Friday, January 14, 2022

Factuality

Can we claim there exists a universal moral code?

Okay... I'll bite. So what if we can? The primary argument for the utility of a universal moral code is that it would dictate how everyone should act. Okay. But there are already a plethora of ethical, legal and moral codes that people subscribe to, and don't do a particularly good job of getting the community of subscribers to all behave in the same way. Why would one supposedly objective code do any better a job?

Moral facts are basically no different than moral beliefs. The only change is the idea that they are somehow independent of human reason; they are true whether or not anyone believes they are true, in the same way the heliocentric model of the Solar System was accurate even when the conventional wisdom held that the Earth was the center of the Universe. The truth of the heliocentric model however, is not of universal utility; which is part of the reason why it took as long as it did to displace competing theories. While understanding the heliocentric model leads to a number of things, such as the retrograde motion of the superior planets, becoming easier to explain, the number of people for whom the idea is actually important is relatively small. In my day-to-day life, it honestly doesn't matter if the Earth orbits the Sun or the Sun has a remarkably rapid orbit around the Earth. The Sun will still rise in the morning and set in the evening, the seasons will still follow one after the other, I will still have to go to work and bills will continue to come due.

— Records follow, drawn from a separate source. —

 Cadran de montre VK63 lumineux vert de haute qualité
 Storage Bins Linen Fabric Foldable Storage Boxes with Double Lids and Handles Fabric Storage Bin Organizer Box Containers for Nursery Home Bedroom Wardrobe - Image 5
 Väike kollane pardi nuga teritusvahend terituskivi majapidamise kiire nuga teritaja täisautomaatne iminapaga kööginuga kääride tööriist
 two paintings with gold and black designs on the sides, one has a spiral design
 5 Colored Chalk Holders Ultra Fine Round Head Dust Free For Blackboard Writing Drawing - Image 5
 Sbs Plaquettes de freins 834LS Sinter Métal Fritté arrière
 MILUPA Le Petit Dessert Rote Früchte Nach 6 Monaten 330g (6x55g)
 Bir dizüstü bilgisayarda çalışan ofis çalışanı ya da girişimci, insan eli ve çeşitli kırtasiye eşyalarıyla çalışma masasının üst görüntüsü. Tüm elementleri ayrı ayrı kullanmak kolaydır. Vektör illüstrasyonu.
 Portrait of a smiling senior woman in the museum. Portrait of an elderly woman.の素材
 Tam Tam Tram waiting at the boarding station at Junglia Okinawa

And it is, as I understand it, the same with moral facts. If it is suddenly discovered tomorrow that wearing the color blue violates some universal stricture on how I should live, whether or not I believe in the immorality of blue clothing will have no real effect on my day-to-day life. I understand that the idea that blue should somehow be a violation seems trivial, but that's kind of the point; there's no real reason why moral facts should be any more profound than physical ones. In any event, the question that I have about moral facts is: Whose life would suddenly change? What becomes easier to understand, explain or predict? Understanding that the Sun is at the center of the Solar System makes the motions of the planets easier to understand. Understanding how gravity works makes the communications infrastructure that allows for international communication faster and more resilient through enabling humans to place artificial satellites into orbit and keep them there. What would the transformation of morality from belief to fact do along those lines?

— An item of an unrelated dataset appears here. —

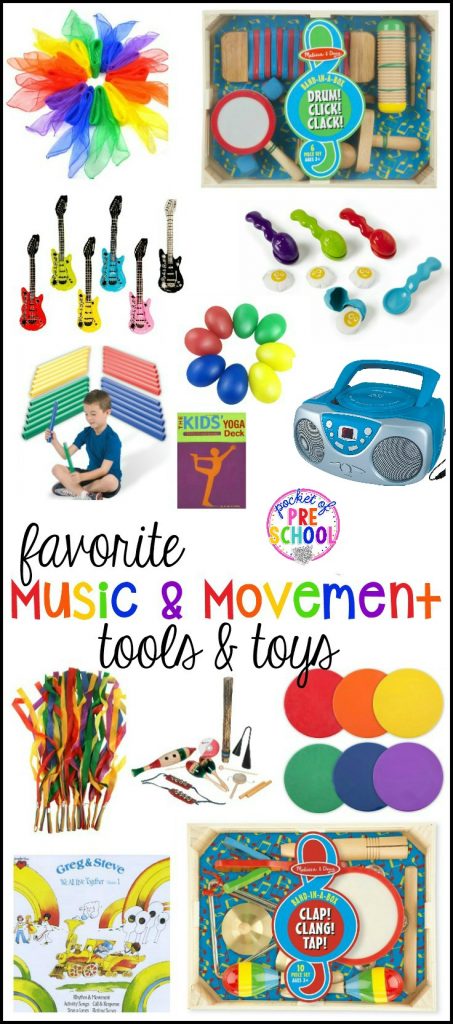 My favorite Music and Movement Tools and Toys for Preschool and Kindergarten or home! Use inside or outside for music and movement or place in music center.
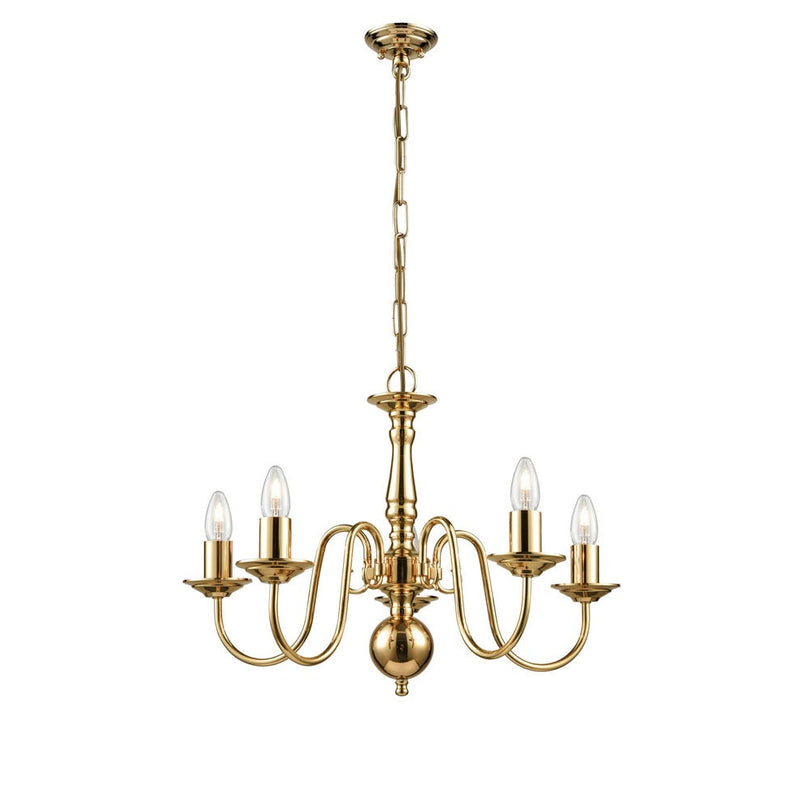 Polished brass classic chandelier. Perfect grandeur with 5 lights, it would enhance any period property, Traditional brass chandelier, perfect period or country house lighting. Decorative brass frame with 5 branches.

If the world is non-deterministic, moral facts are a lot like historical facts. They may be intensely interesting, but of limited practical utility. Sure, the fact that I owned something yesterday and did not give it away today leads to my ownership of it tomorrow, but that's a matter of social agreement. (And if American history teaches nothing else, it does teach that history is primarily important only as a social agreement.) And even moral facts are only true to the degree that people decide to build such an agreement around them. Again, if one understands that there are moral facts that are yet undiscovered, to the degree that people act in accordance with them, it is through having agreed to do so, in spite of such ignorance. If the world is deterministic, on the other hand, it's unclear of moral facts are as important as historical facts, as a deterministic universe posits that the future is determined by the action of natural laws on the state of the past.

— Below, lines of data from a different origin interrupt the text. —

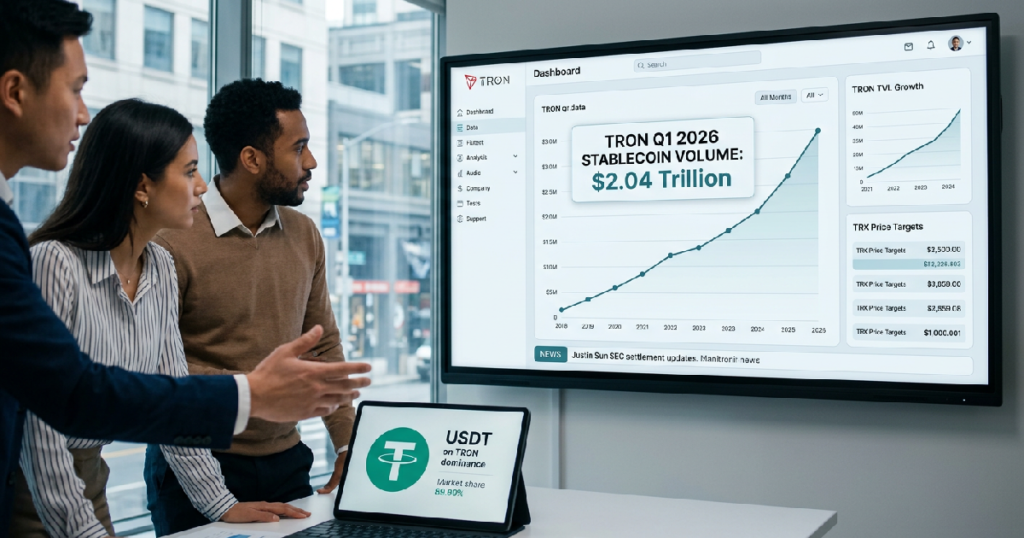 TRON processes $2.04 trillion in stablecoin payments in Q1 2026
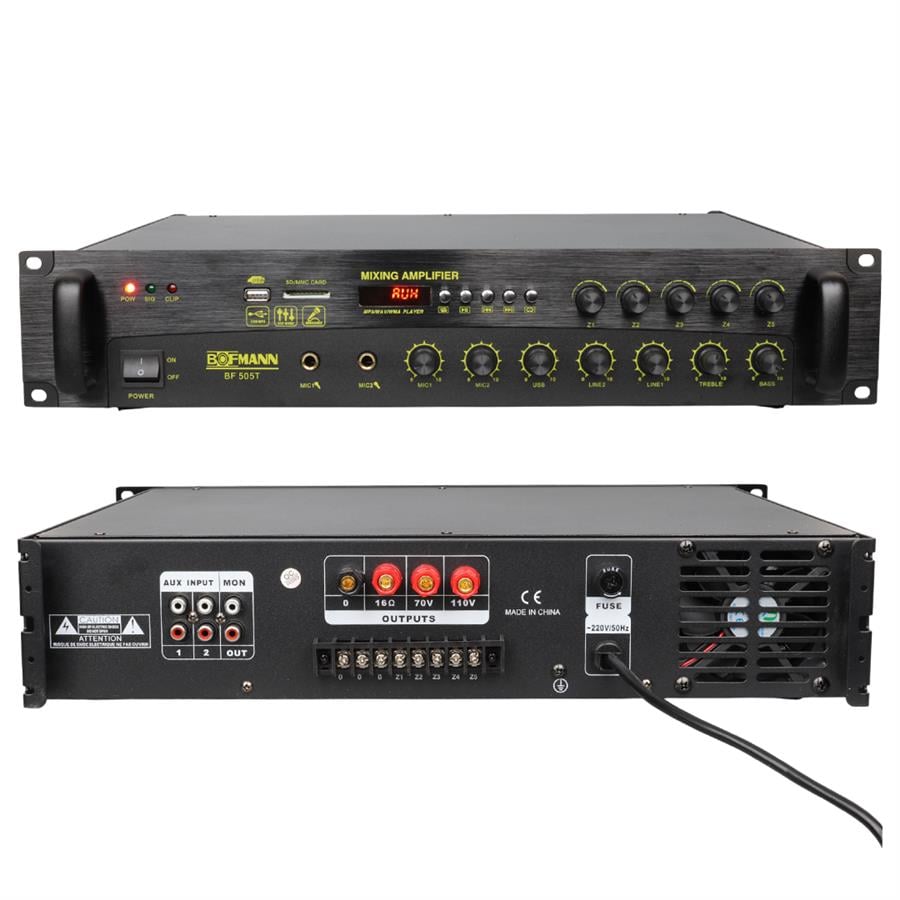 BOFMANN BF-505T 500 WATT USB/SD/BLUETOOTH HAT TRAFOLU 5 BÖLGELİ MIXER ANFİ Fiyatı - Merter Elektronik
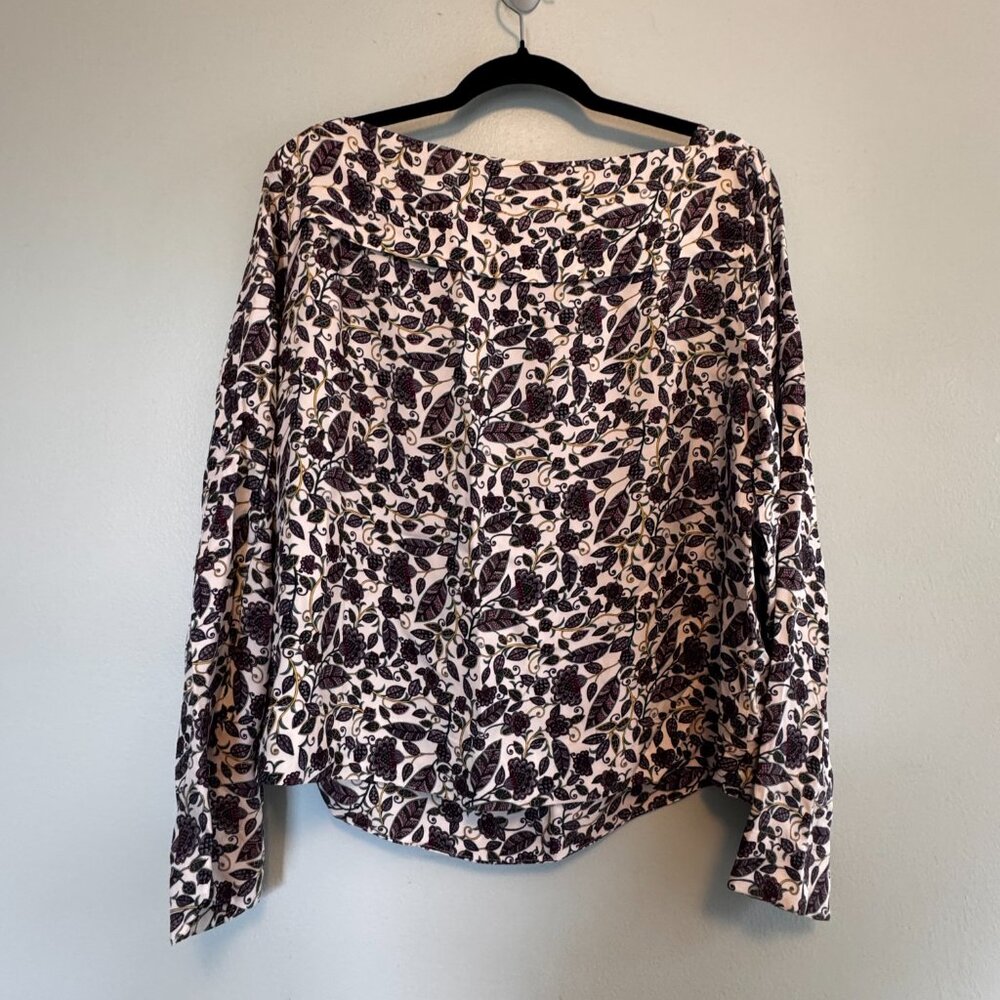 Women’s Drapey Floral Boat Neck Top – Size Large - MF0226 - Picture 5 of 10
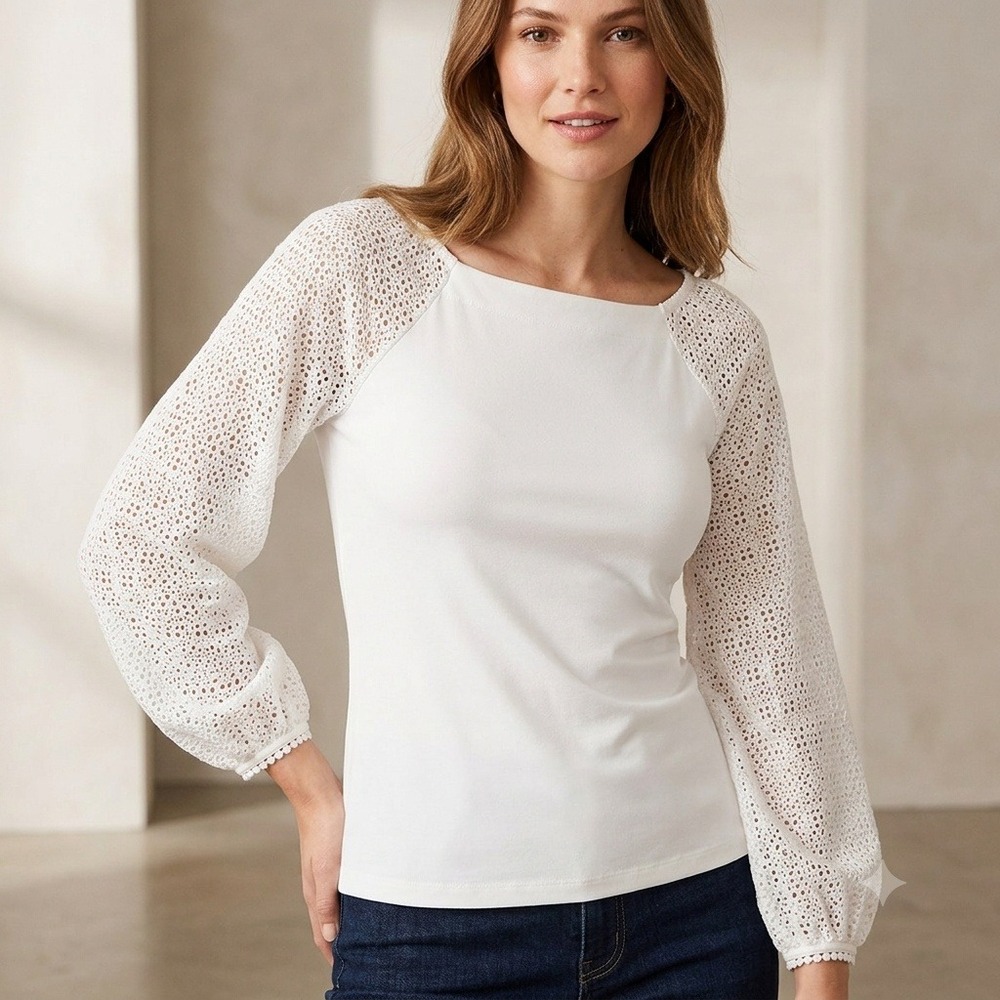 Ann Taylor Blouse Women Size SP White Eyelet Raglan Sleeve Knit Square Neck Top
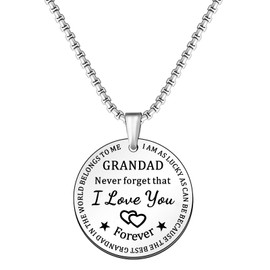 SMARGO Father's Day Gifts For Grandad Necklace From Grandchildren Granddaughter Grandson I Am As Lucky As Can Be Because The Best Grandad In The World Belongs To Me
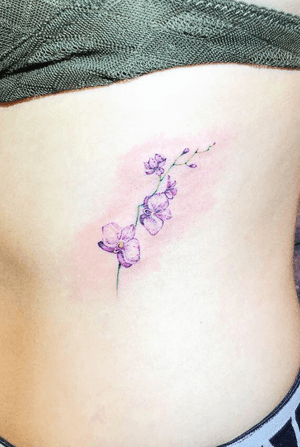 #orchid  #watercolor #colortattoo #flower #floral #girl #pretty #fineline 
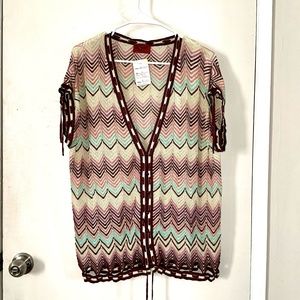 Missoni multicolored knitted button down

If morality seeks to inform people of the choices they must make, then the point of moral facts would seem to be to eliminate disagreement about those choices. But no fact has shown itself capable of doing that without clear and present effects on the world as we currently know and understand it. And moral facts lack such effects, which is why even if they exist, they have yet to be conclusively discovered. So why not allow people to persist in their beliefs, making them into their own moral facts? Yes, there has been a judgment made that humanity is not particularly moral, but if the facts that they would be judged against are currently unknown, how can that judgment be sustained?